Alessandro Tich
Direttore responsabile
Bassanonet.it
Pubblicato il 22-09-2012 00:01
in Attualità | Visto 2.144 volte

San Giovanni, parte il cantiere

Entro ottobre inizieranno i lavori del restauro totale della facciata della chiesa. La parrocchia raccoglie 210mila euro, ma è solo la metà della spesa prevista. L'arciprete mons. Tomasi: “Serve una mobilitazione collettiva della città”

San Giovanni, parte il cantiere

L'incontro di presentazione alla stampa del restauro di San Giovanni (foto Alessandro Tich)

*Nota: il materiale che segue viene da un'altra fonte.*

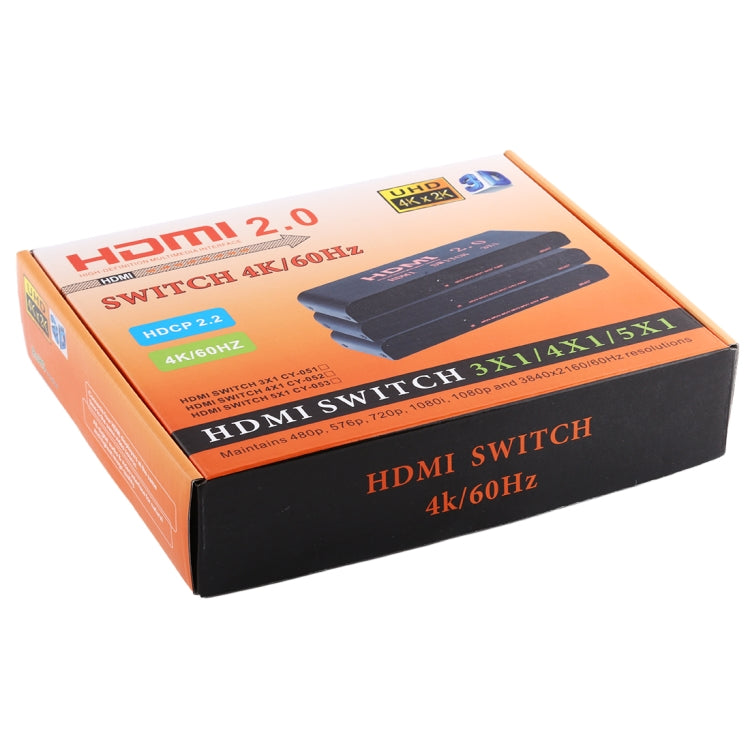 Switch HDMI 2.0 5X1 4K/60Hz con telecomando, spina europea, 5X1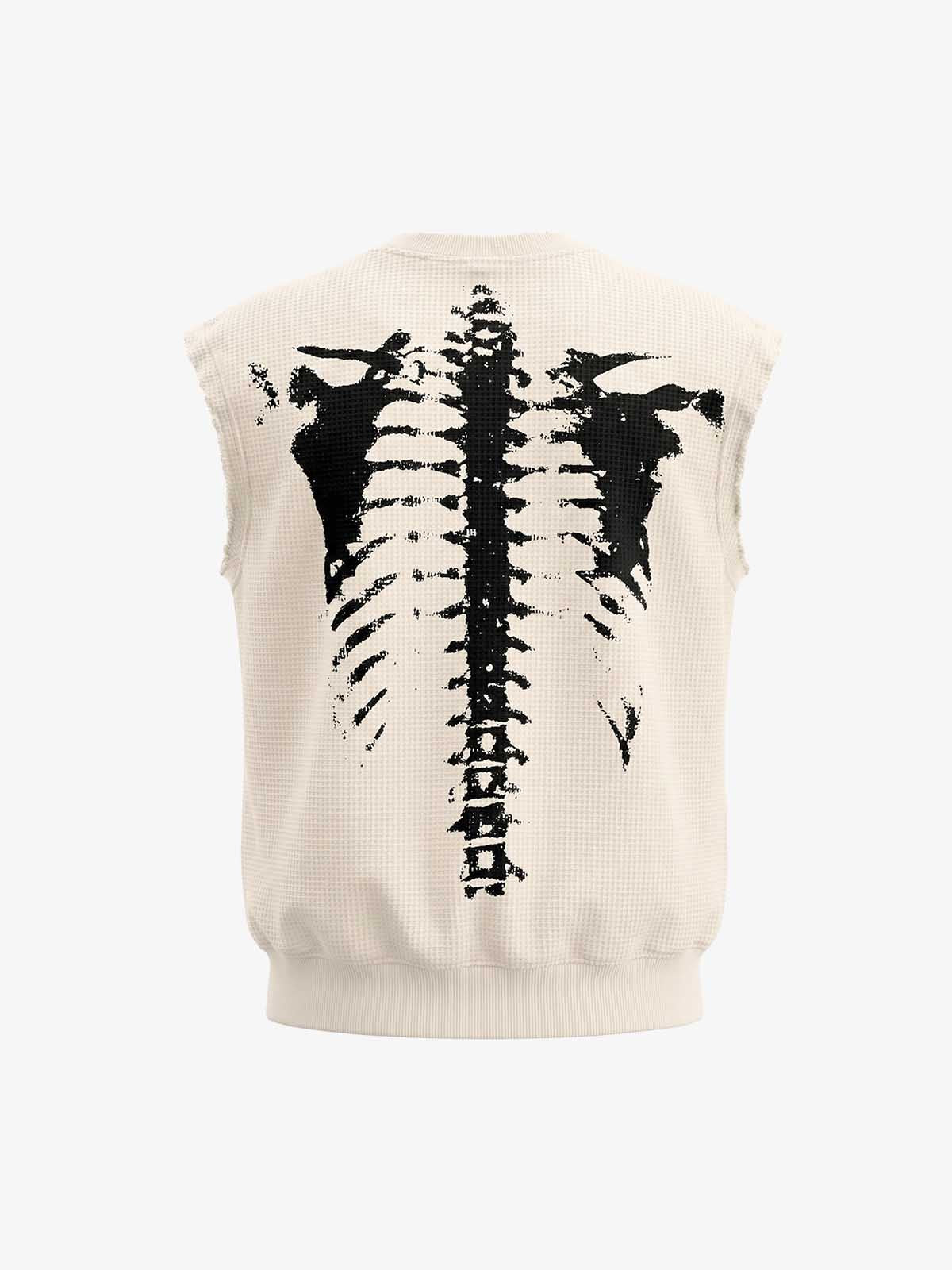Vintage Skeleton Graphic Waffle Knit Sleeveless Vest - Image 8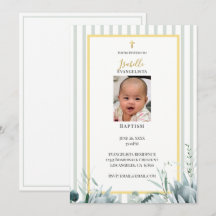 Elegant Sage Green Gold Photo Baptism Invitation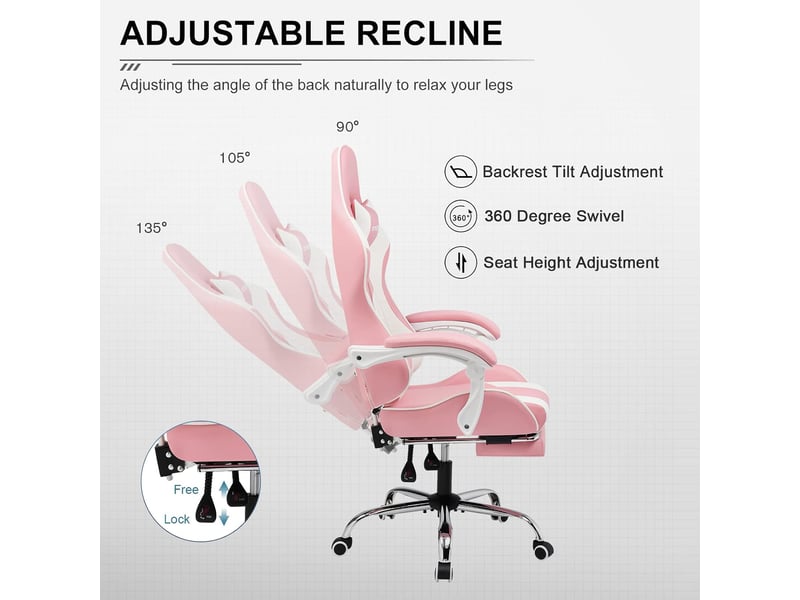  Gtplayer chaise de jeu ergonomique avec repose-pieds, réglable en hauteur - similicuir rose GT800A-PK - Conforama D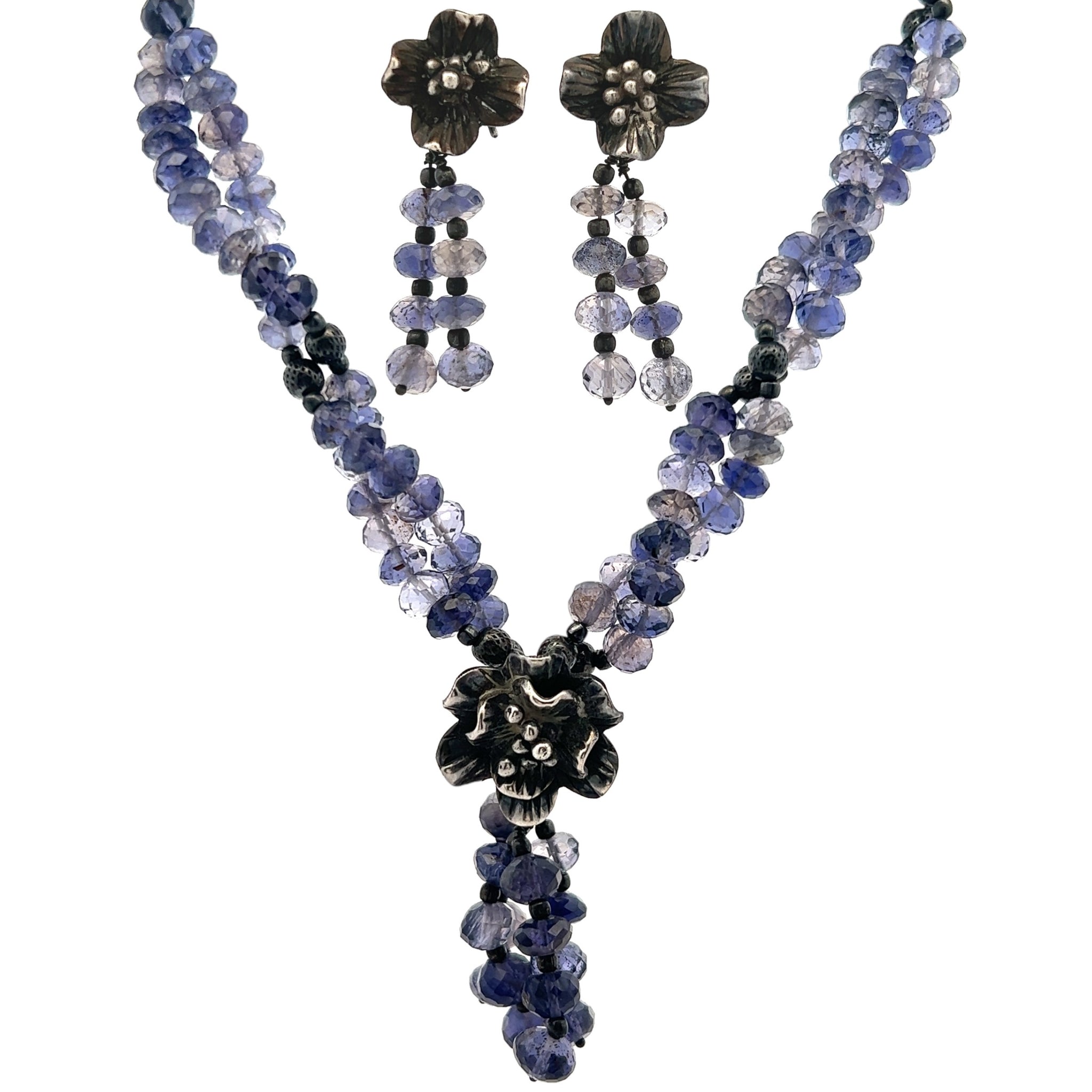 Natural Iolite Rondelle Briolette Cut Beads Semiprecious Necklace Earring Set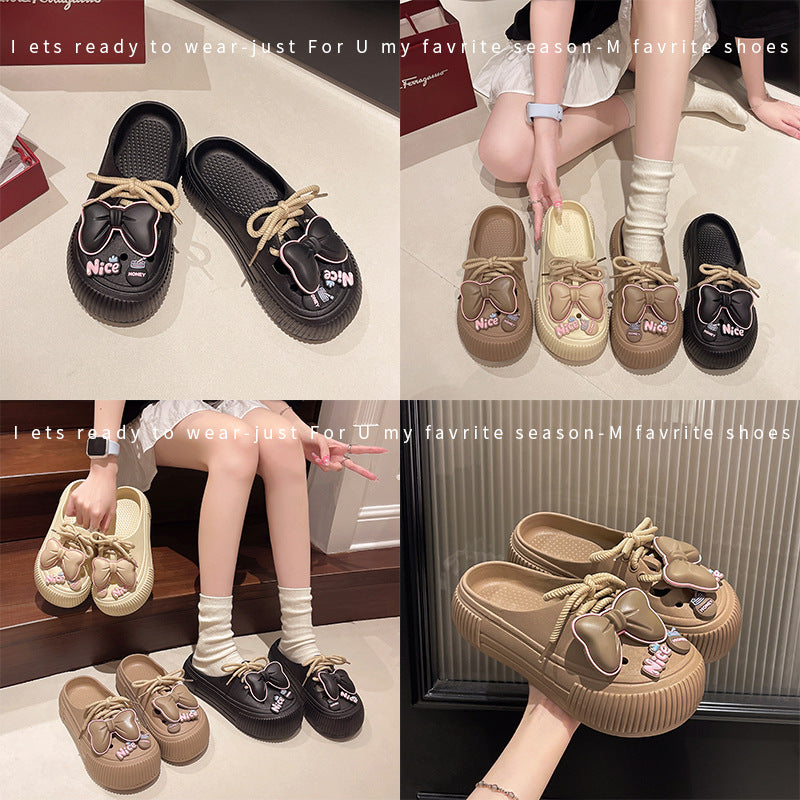 Cute bow lace hole shoes female summer students wear heightened thick-soled toe non-slip sandals indoors and outdoors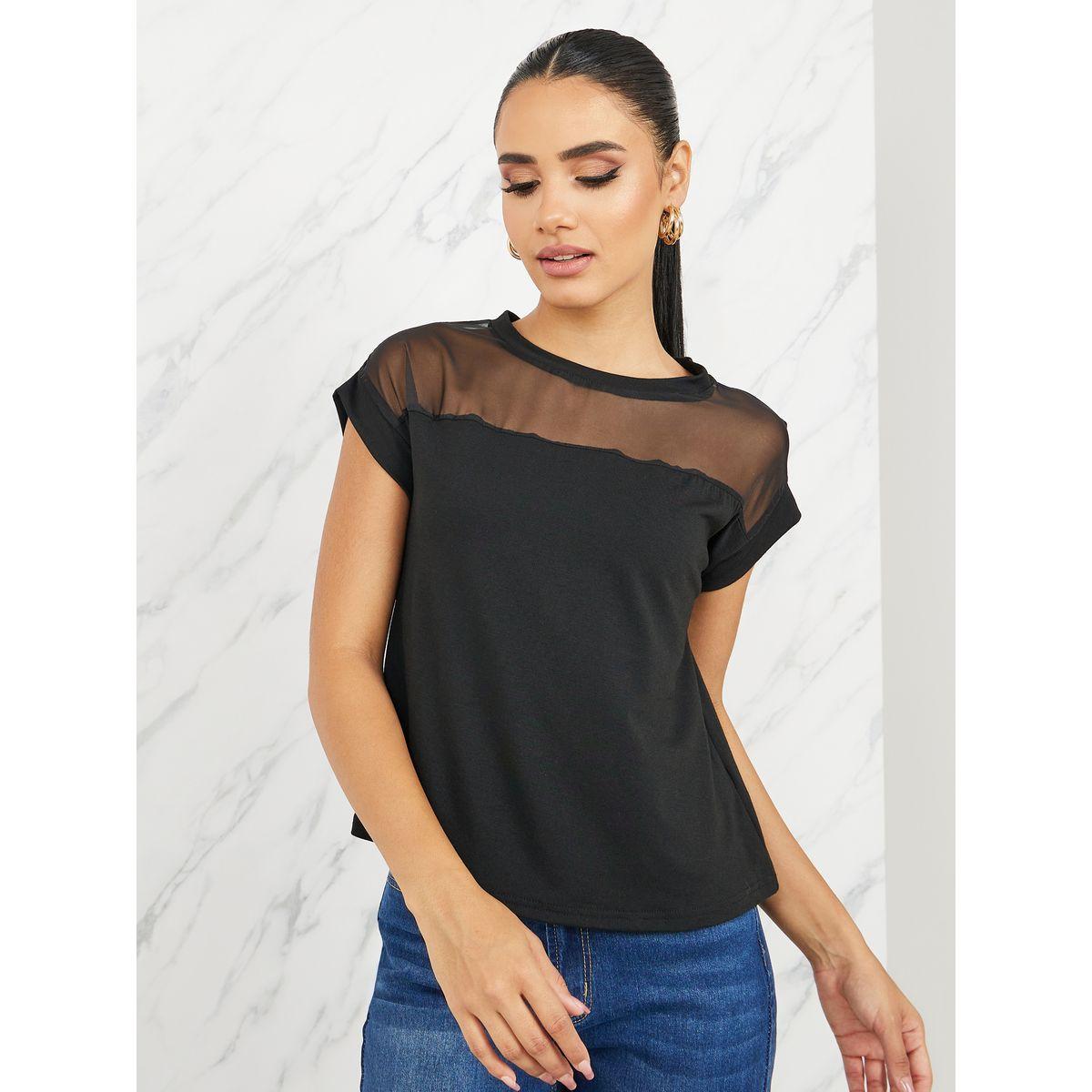 Styli Mesh Insert Regular Fit T-Shirt-women-clothing-tshirts-image-1
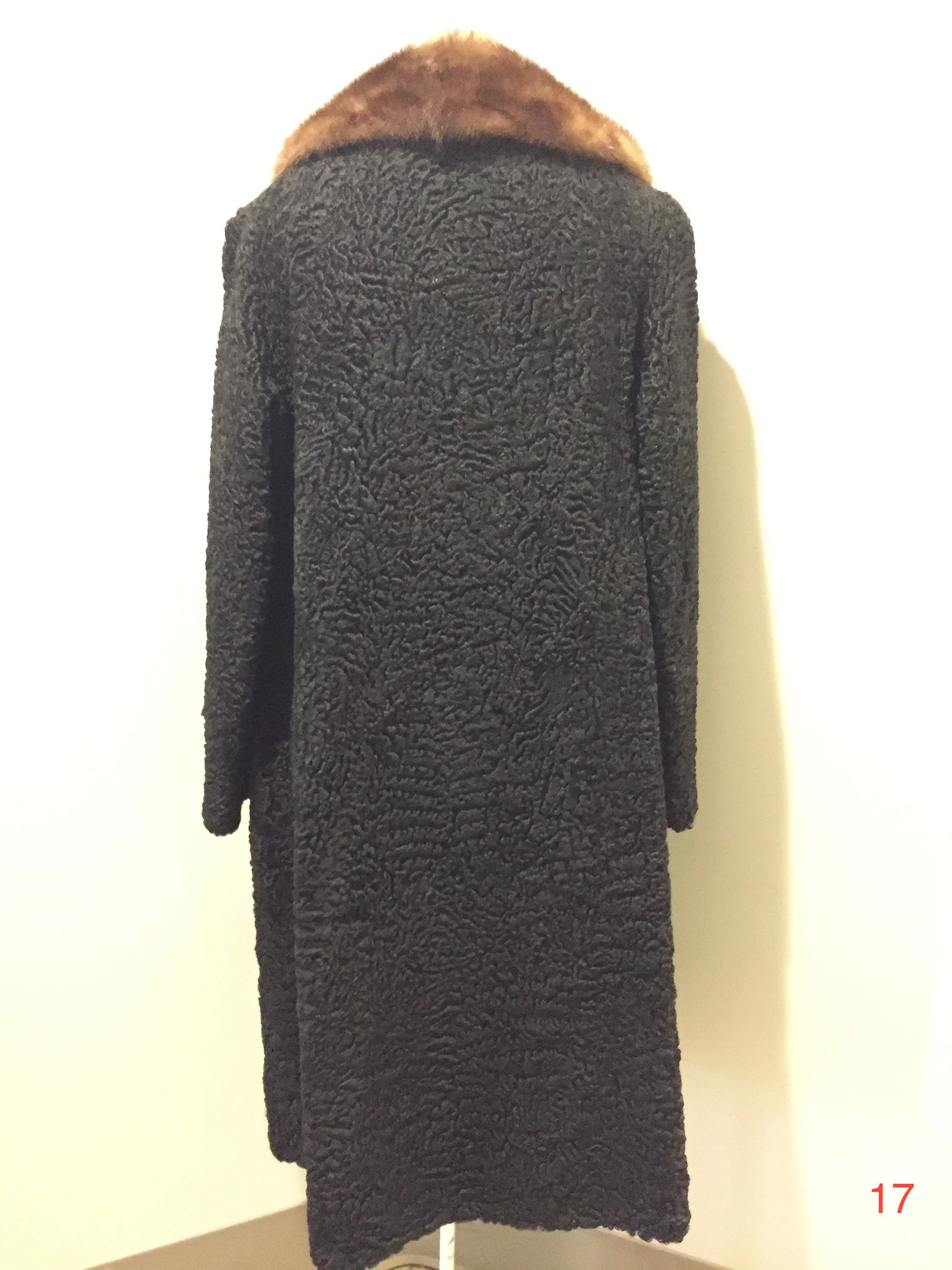 Vintage Full Length Persian Lamb with Mink Fur Collar, "American Furriers" Made in St. Johns, Canada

Restauro della chiesa di San Giovanni: eppur si muove.
L'edificio sacro di piazza Libertà sta soffrendo: la facciata ha perso pezzi e all'interno le infiltrazioni d'acqua e l'usura del tempo hanno fatto il resto.
“Sono passati dieci mesi dalla caduta dei pezzi dalla facciata e dall'installazione delle transenne. Ma non sono stati mesi perduti” - afferma l'arciprete abate di Bassano del Grappa mons. Renato Tomasi.
E in effetti è così, perché il Comitato cittadino per il restauro di San Giovanni, d'accordo con la parrocchia, ha deciso di fare il grande passo: si procederà al restauro totale della facciata della chiesa, e non solo alla sua già prevista messa in sicurezza. Un intervento per il quale la previsione di spesa che si aggira sui 420mila euro, ma la cifra esatta si saprà solo dopo l'esito della gara di appalto dei lavori, in fase di attuazione.
“E' il primo stralcio di quell'intervento globale per il quale era stato richiesto il finanziamento ministeriale di 1 milione e 800mila euro - spiega ancora don Tomasi -. Intanto arriviamo fin qua. La parrocchia tra il 2010 e il 2011 ha già investito 214mila euro per il rifacimento della copertura e per la messa in sicurezza urgente della facciata, e abbiamo svuotato la cassa. Abbiamo quindi raccolto 50mila euro dal Comune di Bassano e 160mila euro dalla Fondazione Cariverona. Fanno in tutto 210mila euro, che coprono la metà delle spese previste e che sono le risorse disponibili in partenza. Sentiamo di poter affrontare con coraggio il resto della ricerca fondi. Serve una mobilitazione collettiva della città.”
Manca poco alla partenza del cantiere: entro il mese di ottobre - conclusa la gara di appalto, ad invito e per “ditte qualificate” - è previsto infatti l'inizio dei lavori che dureranno per circa nove mesi.
Il Comitato cittadino per il restauro della chiesa, presieduto da Stefano Ceccato, si sta intanto muovendo per reperire le risorse ancora mancanti, con un “piano di sensibilizzazione” rivolto alle categorie e alle attività economiche della città.
“La chiesa di San Giovanni, dal punto di vista pastorale, non è una priorità - puntualizza mons. Tomasi -. Per le celebrazioni abbiamo San Francesco, che basta e avanza. Ma San Giovanni è un luogo della pietà popolare, e quando la chiesa è aperta qui c'è sempre gente. Ed è anche la quinta fondamentale della piazza.”
In prima linea per il recupero dell'edificio sacro c'è anche la delegazione di Bassano del FAI, Fondo per l'Ambiente Italiano, che ha candidato San Giovanni tra i siti in lizza nel concorso nazionale “I Luoghi del Cuore”.
L'attivissima capo delegazione del FAI bassanese Maria Rosa Zanotto continua a raccogliere le firme per far salire la chiesa della piazza nella speciale “classifica” che premierà i luoghi più votati con interventi di restauro e di conservazione finanziati dagli sponsor.
“In estate eravamo al quarto posto - rivela la capodelegazione - ora l'attenzione è un po' calata, rispetto ad altri monumenti d'Italia. Ora riprendiamo la nostra opera di promozione per la chiesa, lavorando anche con le scuole.”
Concorso a parte, reperire i fondi sarà un'impresa non facile: ma mai dire mai alla provvidenza.